Wirkt ein Werbebild auf den Betrachter geschmacklos oder anstößig, klingeln bei uns Weltverbesserern und Moralaposteln sämtliche Alarmglocken. Wir erheben den Zeigefinger in unserem Freundeskreis und regen uns darüber auf, wie stillos doch manche Unternehmen zum Werbepinsel greifen, nur um Aufmerksamkeit zu erregen. Die ganz hartgesottenen schreiben eine Beschwerdemail an den Werberat (…das kann man übrigens hier machen). Konkurrenten und nach dem UKlaG anspruchsberechtigte Verbände öffnen vorsichtshalber schon einmal die “abmahnung_vorlage.doc”. Und das ist zunächst auch gut so. Die bei uns existierenden Instrumente zur Werbekontrolle funktionieren allesamt einwandfrei.
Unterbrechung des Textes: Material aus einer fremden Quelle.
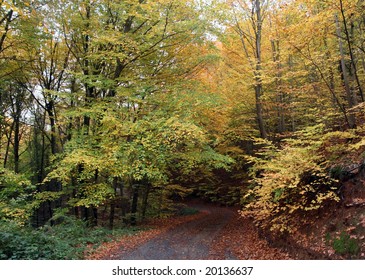 Fall In Belgrad Forest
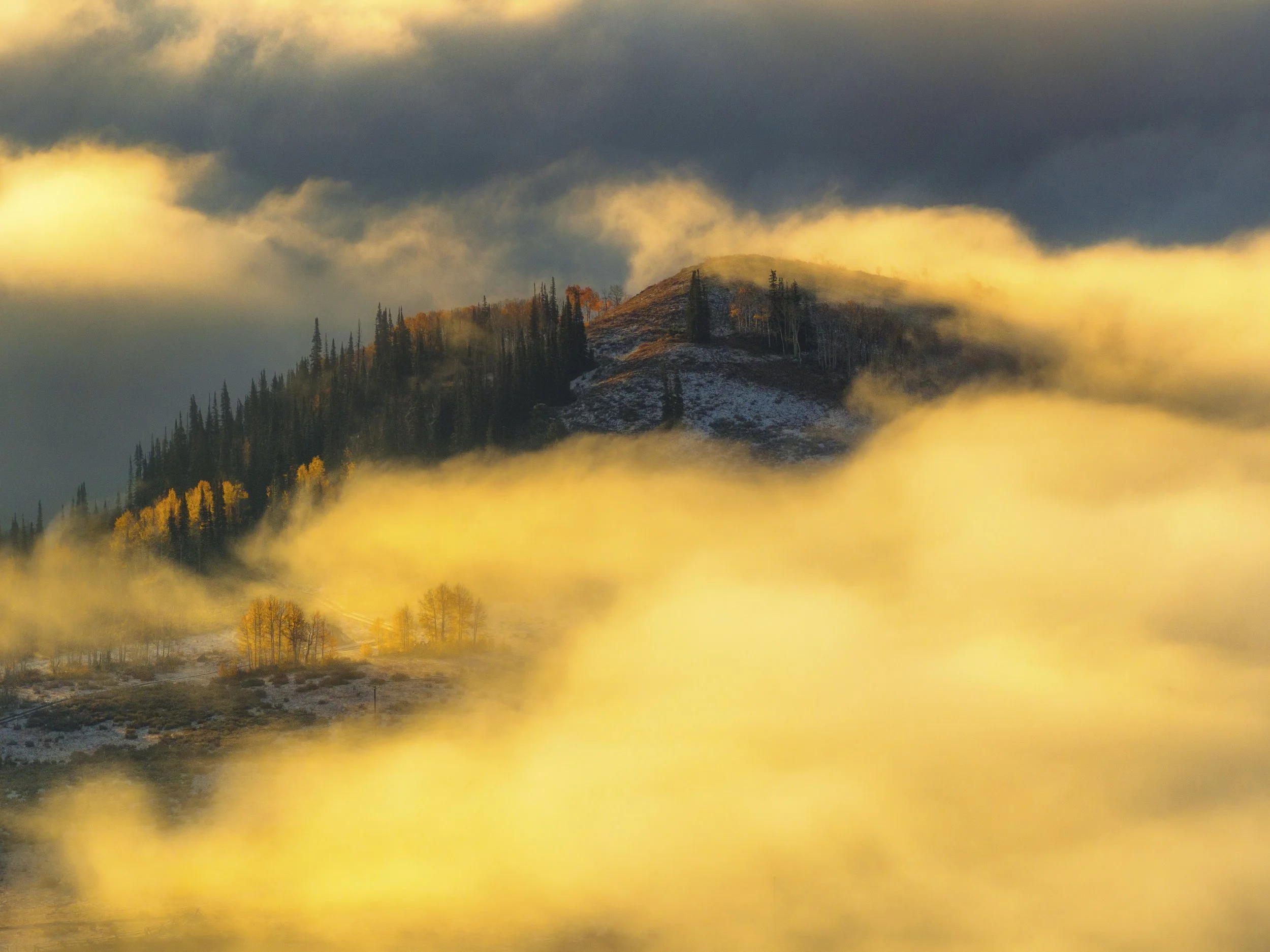 DJI_20251006101708_0505_D-Edit-Edit-Edit.jpg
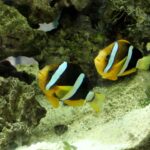 como-se-comporta-el-pez-payaso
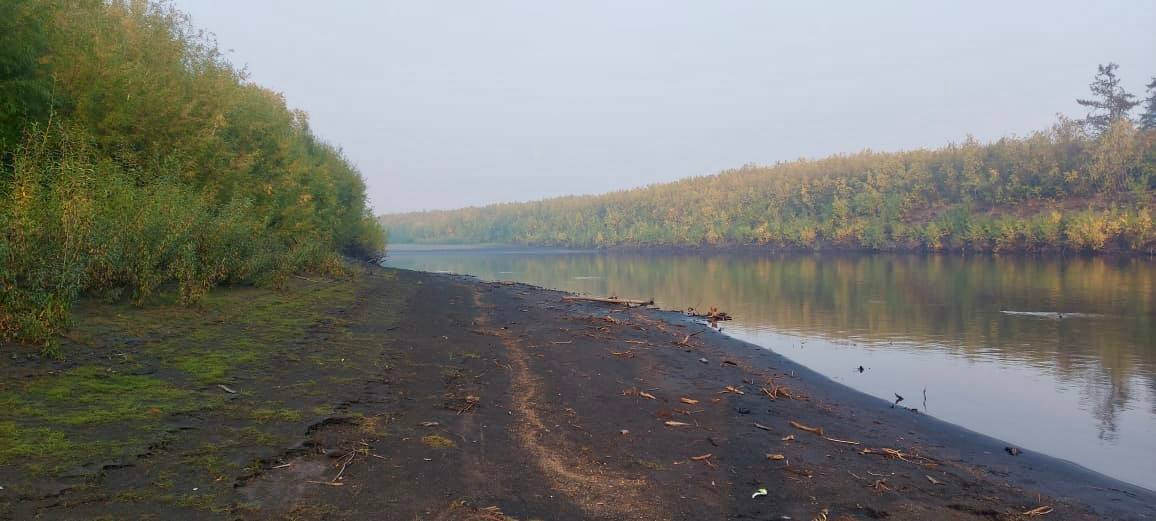 В Якутии депутат ответит за незаконную охоту в состоянии опьянения. Он застрелил лося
Als das werbende Unternehmen die ganze Aufregung mitbekommt, versteht es aber die Welt nicht mehr. Die Idee dahinter war doch eine ganz andere. Die hirnlose Zombie-Armee der Adressaten begreift einfach nicht, worum es wirklich geht. So geschehen im Falle einer Anzeige des Modehauses Breuninger:
OH. MEIN. GOTT. Alice Schwarzer bläht sich auf, läuft rot an und explodiert. Drei gut gekleidete und gutaussehende Männer im Paternoster-Aufzug, dazwischen eine grimmig glotzende Putzfrau. Und schon beginnt das Geschrei. PATRIARCHAT! FRAUENBILD! DISKRIMINIERUNG! VERACHTUNG! SCHUBLADENDENKEN!
Doch tatsächlich ist es ganz anders! Der Sprecher des Unternehmens äußert sich gegenüber Spiegel Online wie folgt:
“Die Putzfrau sei in Stuttgart – wo das Unternehmen seinen Hauptsitz hat – ein lokales Symbol, stehe für die schwäbische Kehrwoche. Die aktuelle Kampagne für Bürokleidung wolle den Paternoster-Aufzug als einen Ort zeigen, an dem sich alle treffen – vom Firmenchef bis eben zur Putzfrau. Man zeige hier Models neben Personen, die keinen direkten Bezug zu Mode haben. Auf einem anderen Foto ist statt der Putzfrau ein Astronaut zu sehen.” (» Hier geht’s zum Artikel)
Und schon ist die Luft raus. Naja, okay… Wenn das so gemeint ist… Hmm… Vielleicht doch etwas überreagiert.
Doch was ist die Konsequenz daraus? Wie beurteilt man als Lauterkeitswächter oder “Lauterkeitsrichter” solche Werbebilder? Ist eine Werbeanzeige einzeln oder im Gesamtkontext der ganzen Kampagne zu betrachten? Ist lediglich die Wirkung der Bilder auf den Durchschnittsadressaten oder auch die subjektive Intention des werbenden Unternehmens in die Bewertung einzubeziehen? Reicht vielleicht eine beschwichtigende Pressemitteilung samt Erklärung zu der Idee hinter einer Werbung aus, um die Wogen zu glätten?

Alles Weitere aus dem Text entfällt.